BEGIN Materials provided

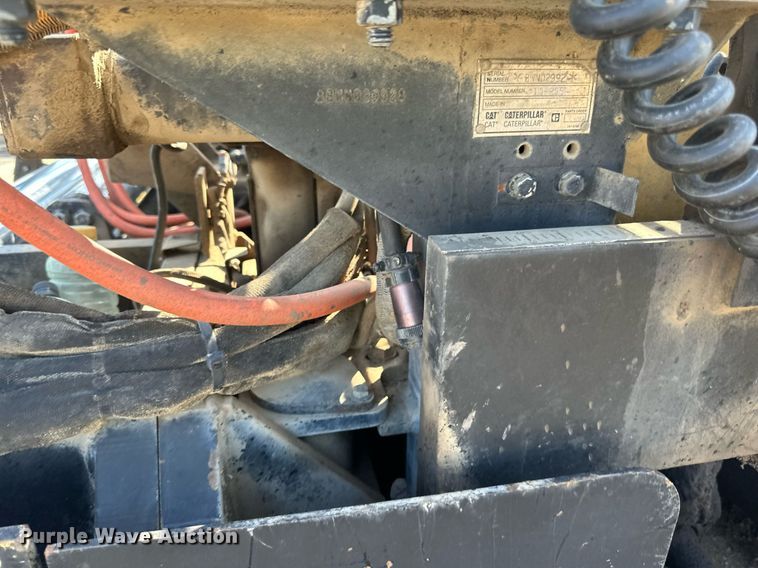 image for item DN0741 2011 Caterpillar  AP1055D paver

END Materials provided
BEGIN Materials provided

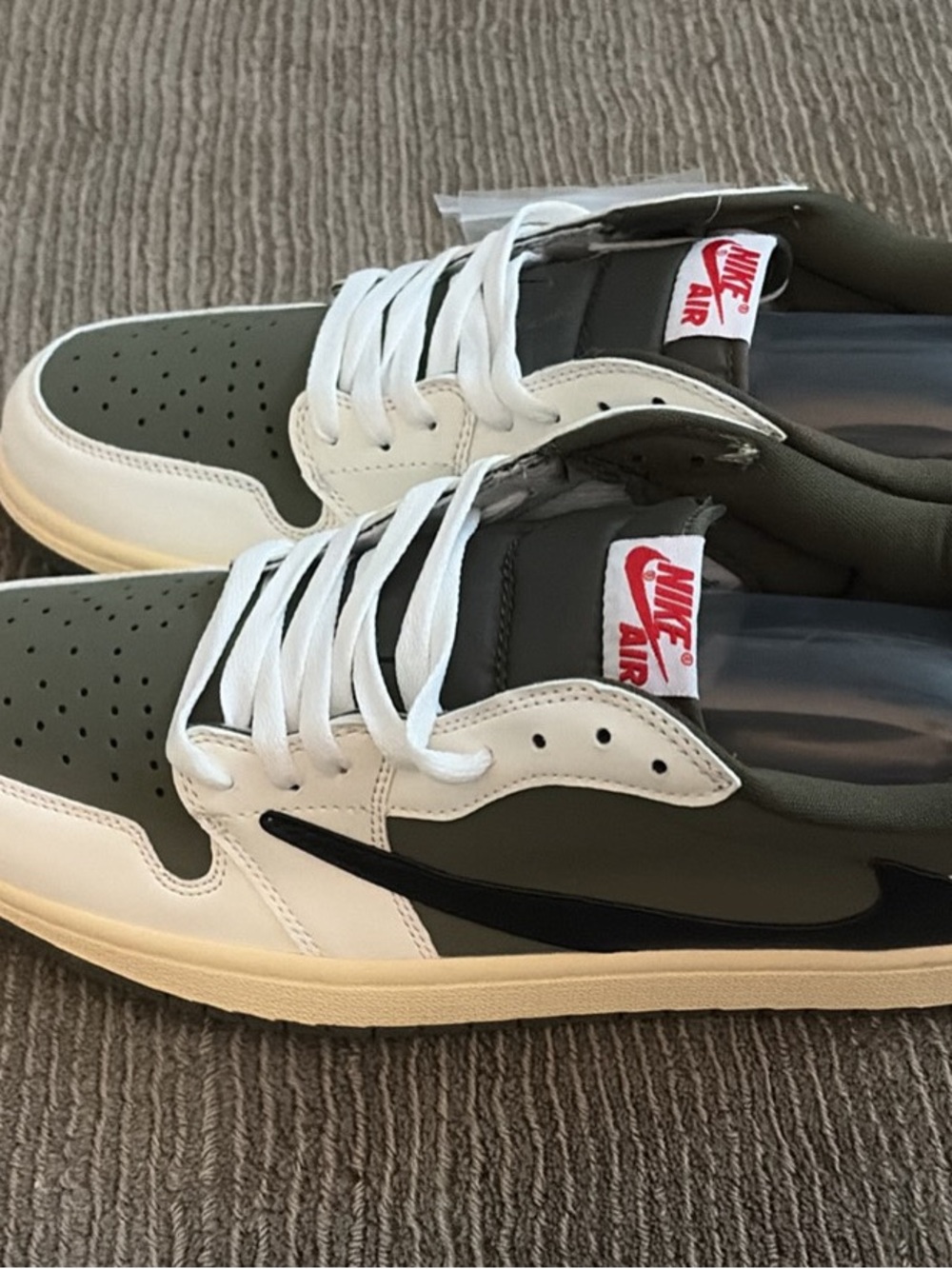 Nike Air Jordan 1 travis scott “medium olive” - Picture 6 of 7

END Materials provided
BEGIN Materials provided

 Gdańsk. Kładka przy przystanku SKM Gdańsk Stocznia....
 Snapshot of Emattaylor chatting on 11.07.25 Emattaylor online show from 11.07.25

END Materials provided

The response must hold only the lines above from the line with "Gdańsk. Kładka przy" through the line with "Snapshot of Emattaylor", each copied exactly, both ends kept.

Exercise answer —
 Gdańsk. Kładka przy przystanku SKM Gdańsk Stocznia....
 Snapshot of Emattaylor chatting on 11.07.25 Emattaylor online show from 11.07.25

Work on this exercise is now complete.